Start of DATA
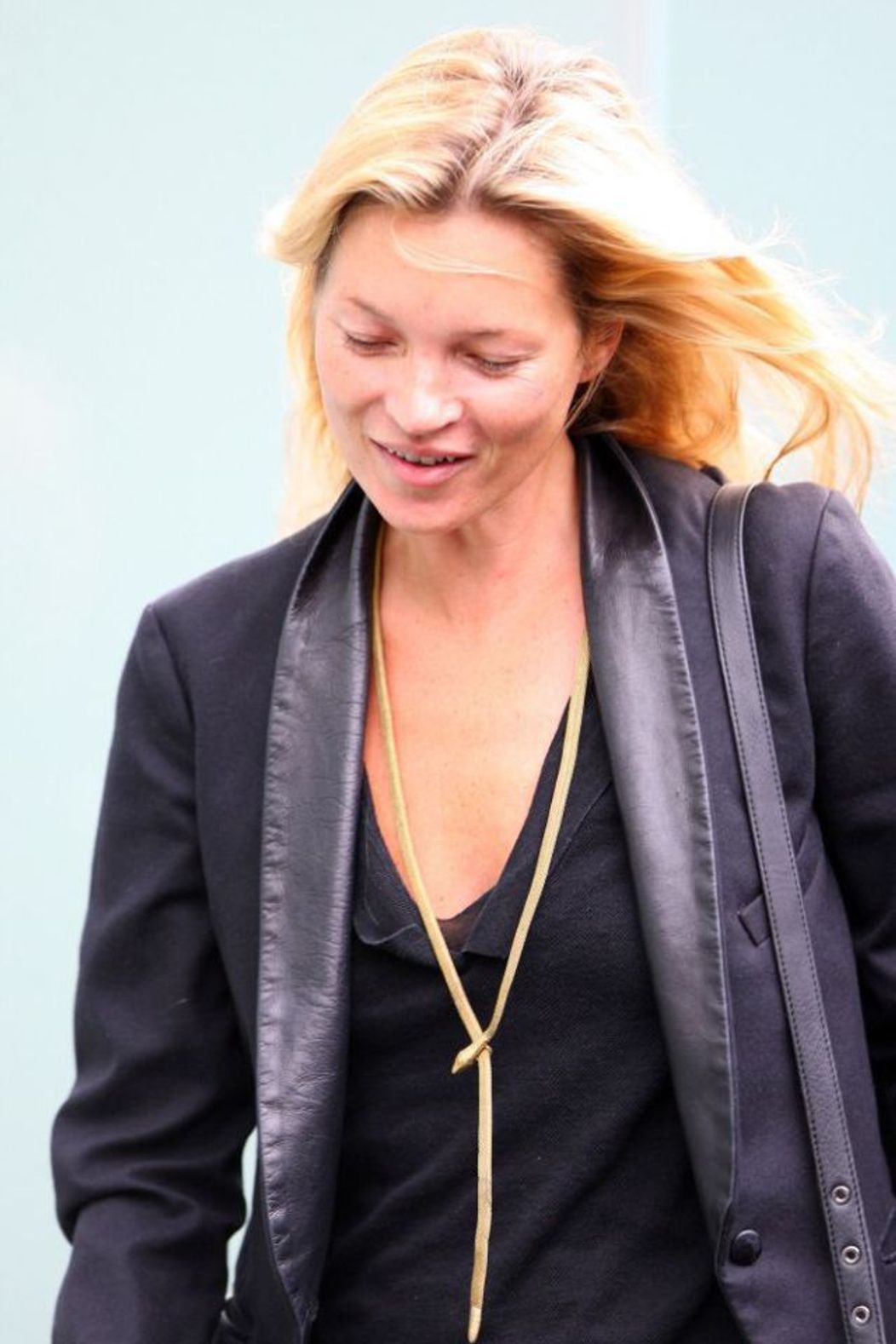 Kate Moss
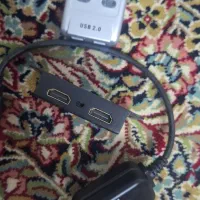 اکستندر ۵۰ متری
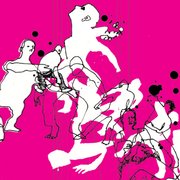 Plattform för ny dans 23 sep 2011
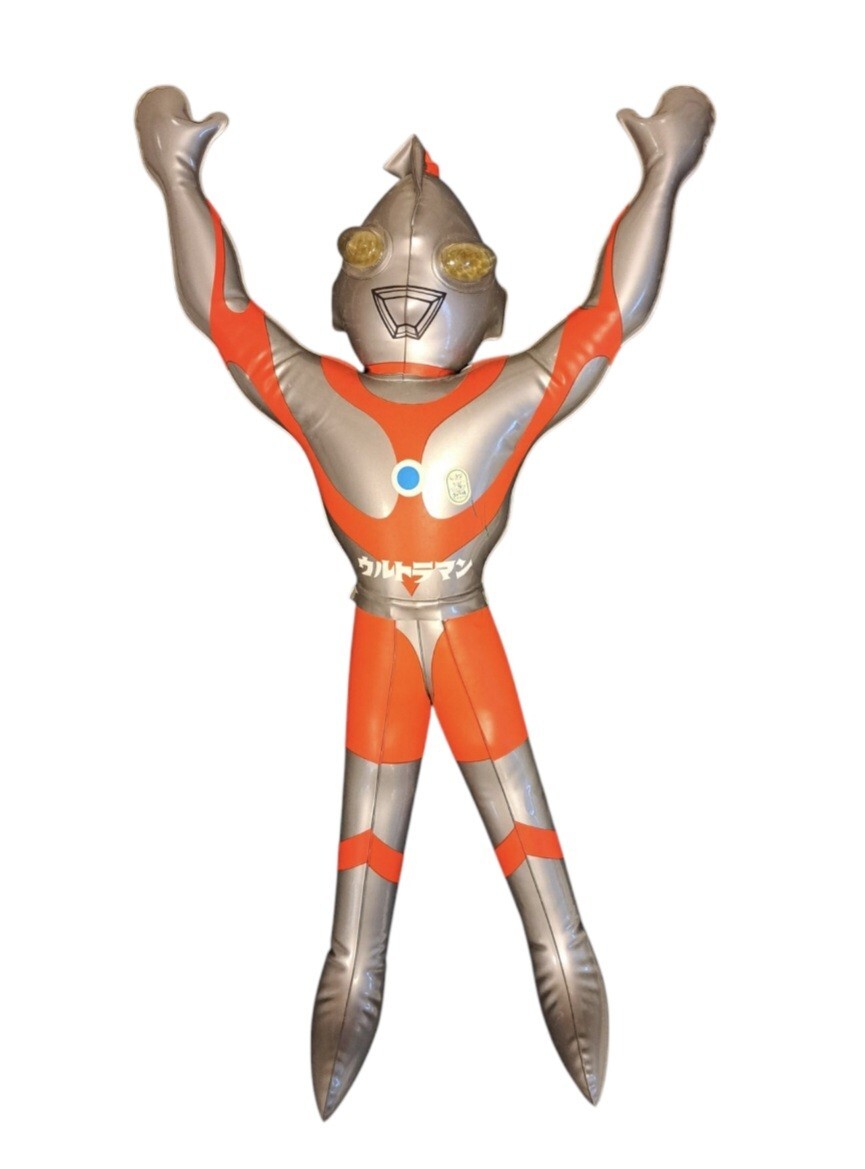 Yahoo!オークション -「ブルマァク」(ウルトラセブン Yahoo!オークション -「ブルマァク」(ウルトラセブン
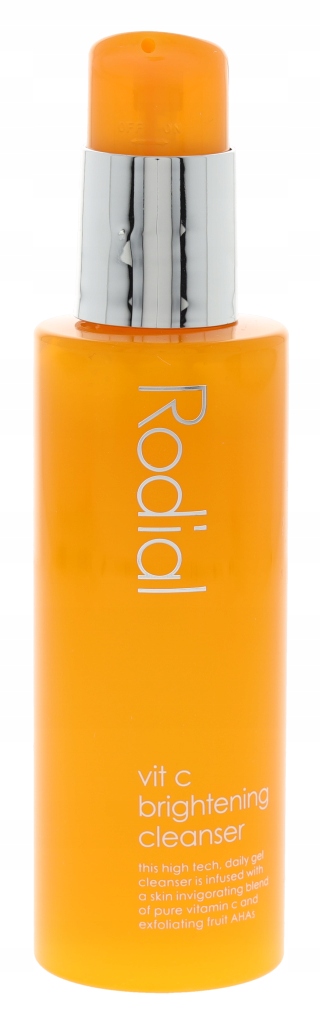 Kluczowe korzyści stosowania żelu oczyszczającego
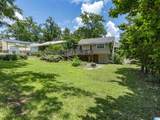 130 Vines Avenue - Photo 13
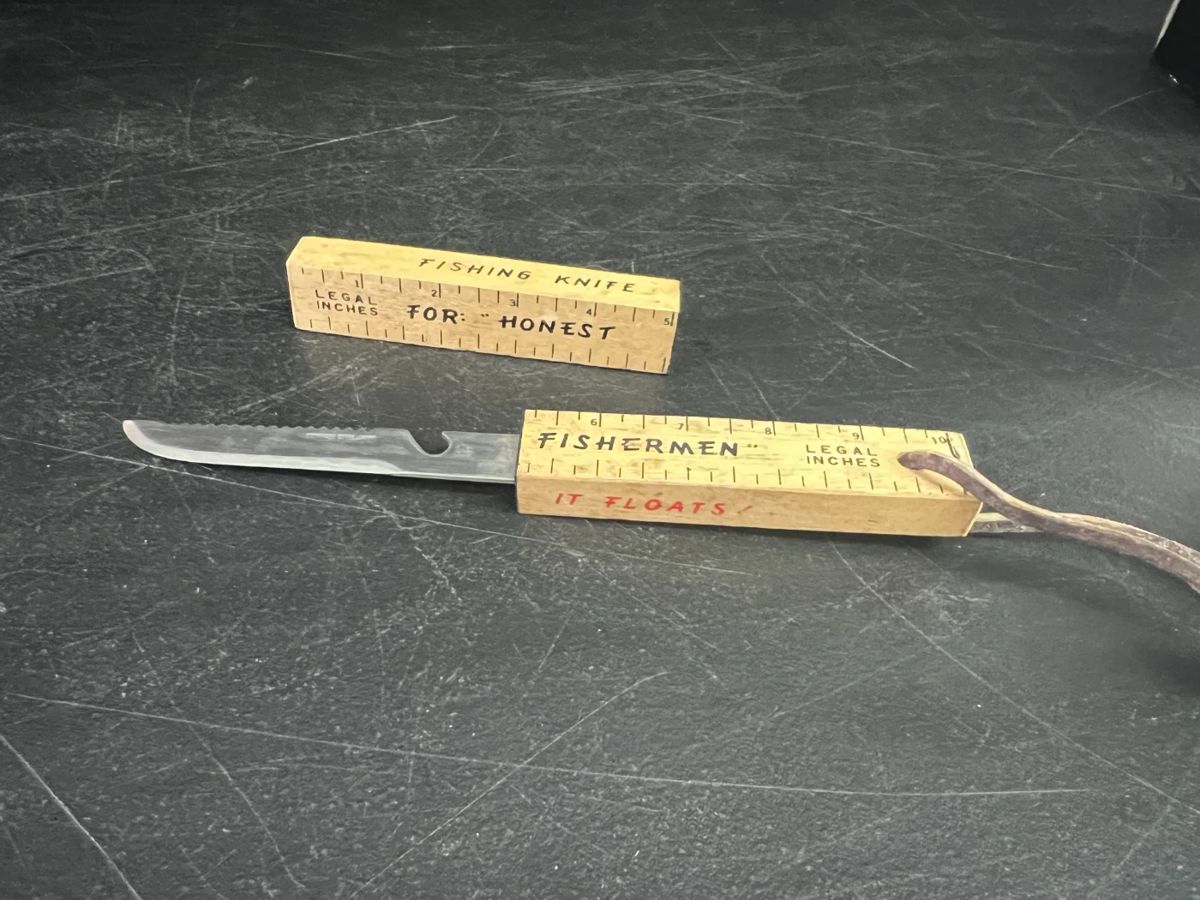 Saturday Night Live Auction in Spring Lake, NC starts on 9/28/2024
End of DATA
# [WHAT YOU HAVE TO DO]
Aside from the pictures, repeat the listing exactly.

# [SOLUTION TO THE EXERCISE]
 Kate Moss
 اکستندر ۵۰ متری
 Plattform för ny dans 23 sep 2011
 Yahoo!オークション -「ブルマァク」(ウルトラセブン Yahoo!オークション -「ブルマァク」(ウルトラセブン
 Kluczowe korzyści stosowania żelu oczyszczającego
 130 Vines Avenue - Photo 13
 Saturday Night Live Auction in Spring Lake, NC starts on 9/28/2024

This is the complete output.